[Collected data]
———
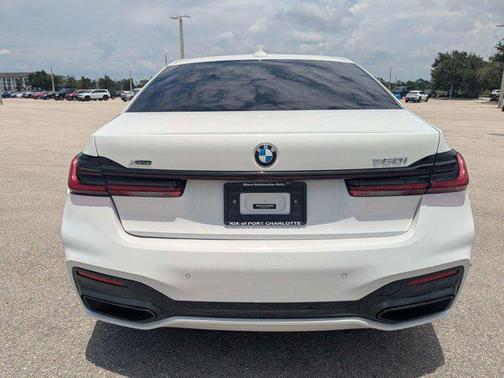Alpine White 2022 BMW 750 i xDrive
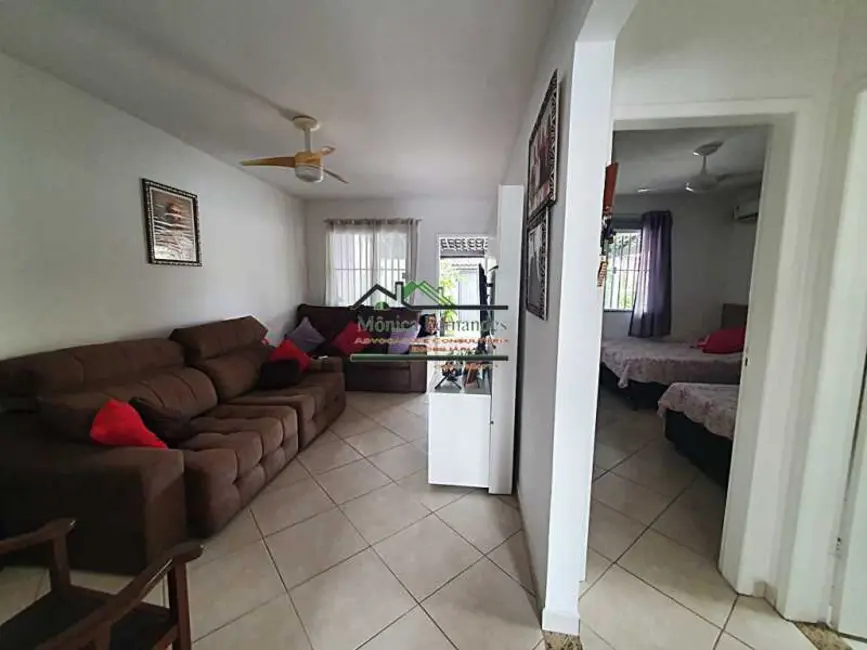 Foto 4 de Casa com 2 quartos à venda, 89m2 em Marica - RJ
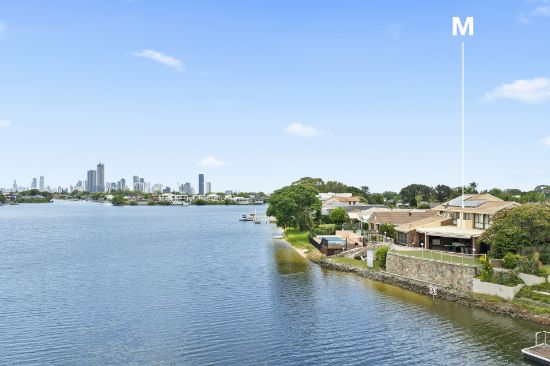 70  Oceanic Drive, Mermaid Waters, Qld 4218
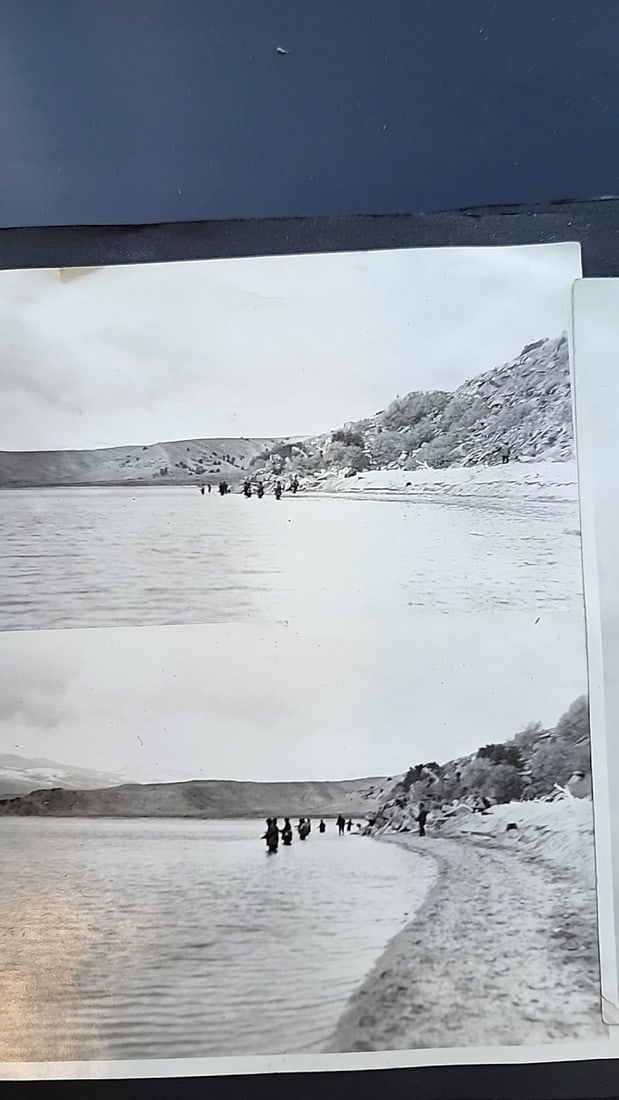 3 Antique Photo Albums With Black-and-white Snapshots. Montana 1900s - 6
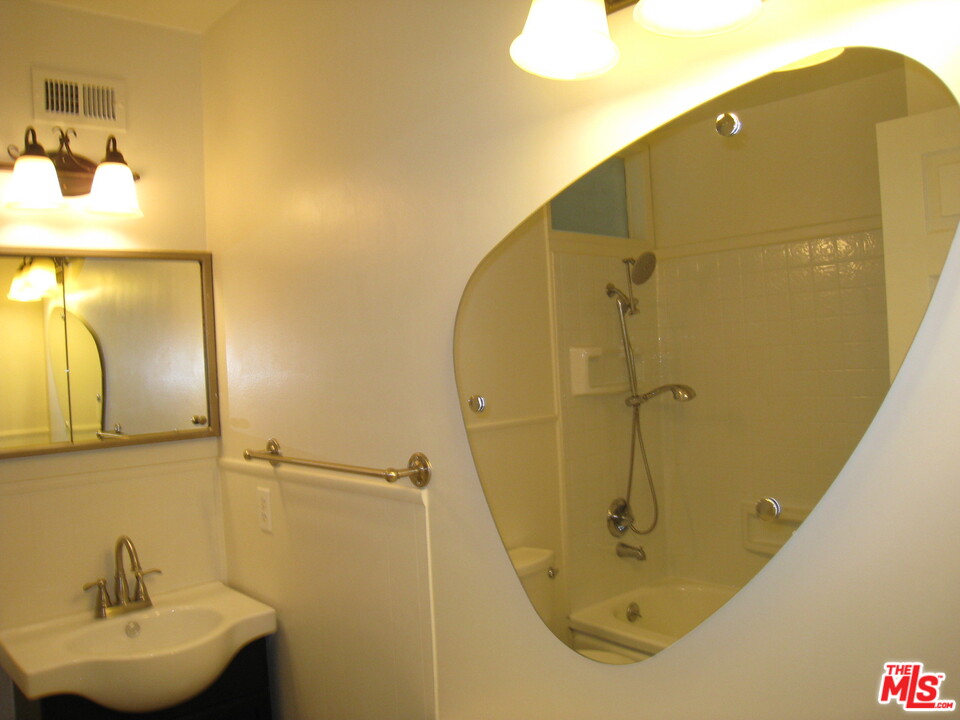 25072 Wiley Canyon Road Newhall, CA 91321 - Photo 19 of 45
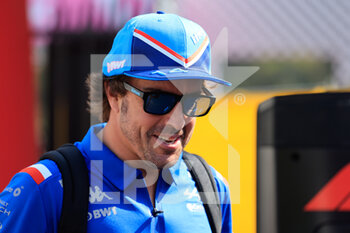 2022-07-23 - jul 22 2022 Le Castellet, France - F1 2022 France GP -  Fernando Alonso (SPA) Alpine A522 with his girlfriend Andrea Schlager - FORMULA 1 LENOVO GRAND PRIX DE FRANCE 2022 - FORMULA 1 - MOTORS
———
TASK PROMPT.
Omitting all pictures, reproduce the records above in their entirety.

EXERCISE RESULT.
Alpine White 2022 BMW 750 i xDrive
 Foto 4 de Casa com 2 quartos à venda, 89m2 em Marica - RJ
 70  Oceanic Drive, Mermaid Waters, Qld 4218
 3 Antique Photo Albums With Black-and-white Snapshots. Montana 1900s - 6
 25072 Wiley Canyon Road Newhall, CA 91321 - Photo 19 of 45
 2022-07-23 - jul 22 2022 Le Castellet, France - F1 2022 France GP -  Fernando Alonso (SPA) Alpine A522 with his girlfriend Andrea Schlager - FORMULA 1 LENOVO GRAND PRIX DE FRANCE 2022 - FORMULA 1 - MOTORS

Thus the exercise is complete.